Another important aspect is separation of concerns. If you can keep your frontend from even needing to know about all the downstream databases and api calls that need to be made you’ve not only introduced better logical decoupling, but there’s a good chance you’ve improved the availability of your frontend. It’s relatively easy to keep workers from getting overloaded since they pull work rather than having it pushed on them.
However at the end of the day if your average traffic exceeds your capacity, you’re going to be in trouble. Queuing can buy you time (hours or a small number of days) to increase capacity. You better think twice and then think twice again before you tell a customer: “Sorry, we’re not good enough at our job. send your transactions elsewhere”.

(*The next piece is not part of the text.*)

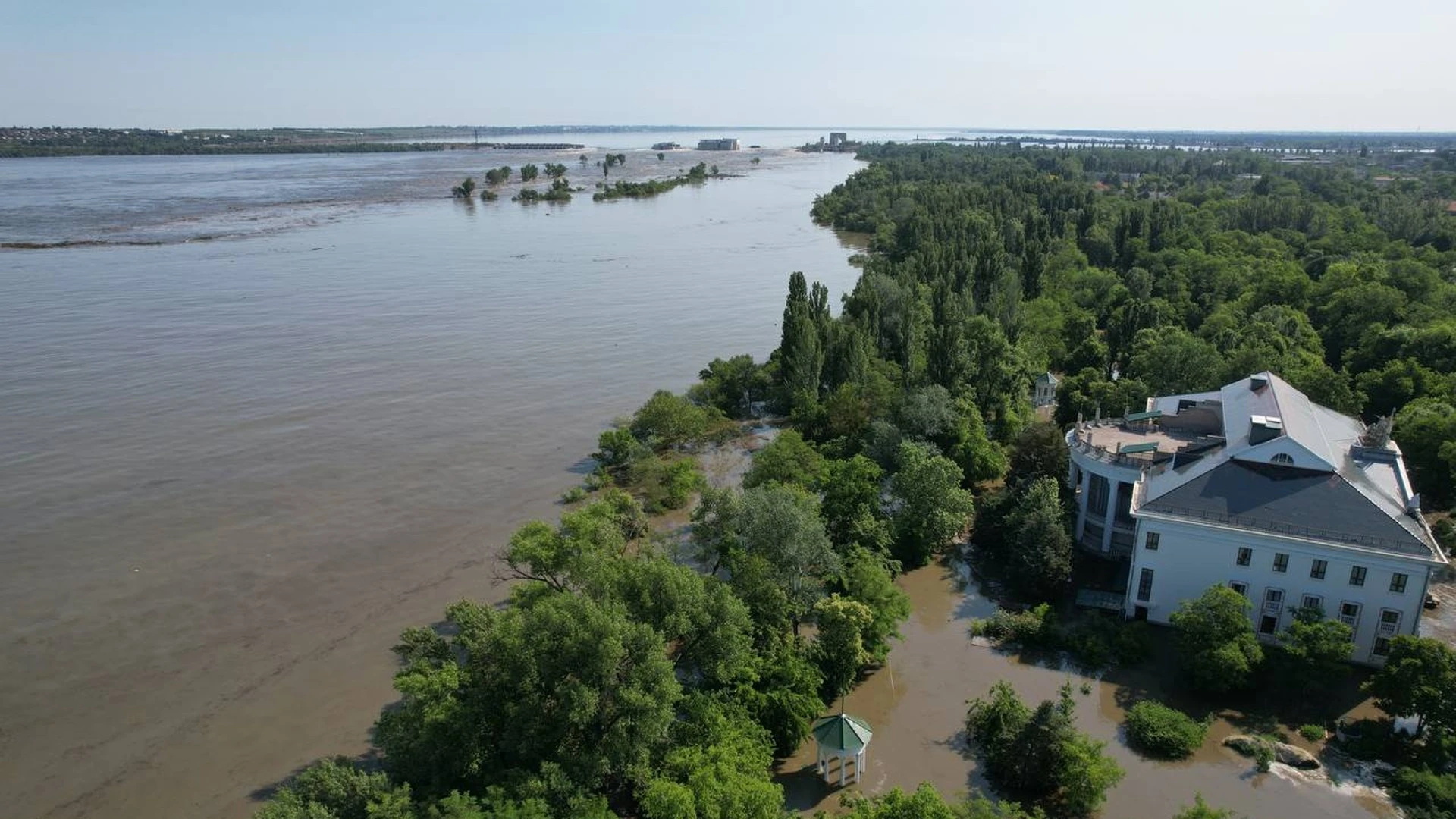 Пять человек погибли после разрушения Каховской ГЭС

The property you mention is only true as long as you are allowed to have extremely high latencies in your responses that get queued up. Most systems have a qualitative value where either time outs are going to be shorter, users will give up (or get disconnected) before then, or will perceive your quality of service as low and unacceptable.
While the queue will keep the system up to your average load, it won’t keep its quality to an acceptable level. In fact, having a queue may end up ruining the quality of service to requests taking place during slow times in your day, in a fashion similar to bufferbloat: because the peak load tasks are in the queue, they take precedence over the non-load periods' tasks. These tasks end up feeling the slowdown that happens over the peak period, and in the end, everyone has a worse experience.
This can be solved in two ways: replace the queue by a stack (you reduce the overall latency per-task, but the oldest tasks take all of the accumulated time – that’s how phone support systems work and why people who wait long tend to wait even longer), or increase the capacity at any given time.
The question of using a queue to help handle temporary overload is still a complex one when you have to care for the quality of service. Maybe you won’t get to tell the customer “Sorry, we’re not good enough at our job. send your transactions elsewhere”, and they’ll instead go “Sorry, your service is too slow, we’ll send our transactions elsewhere.”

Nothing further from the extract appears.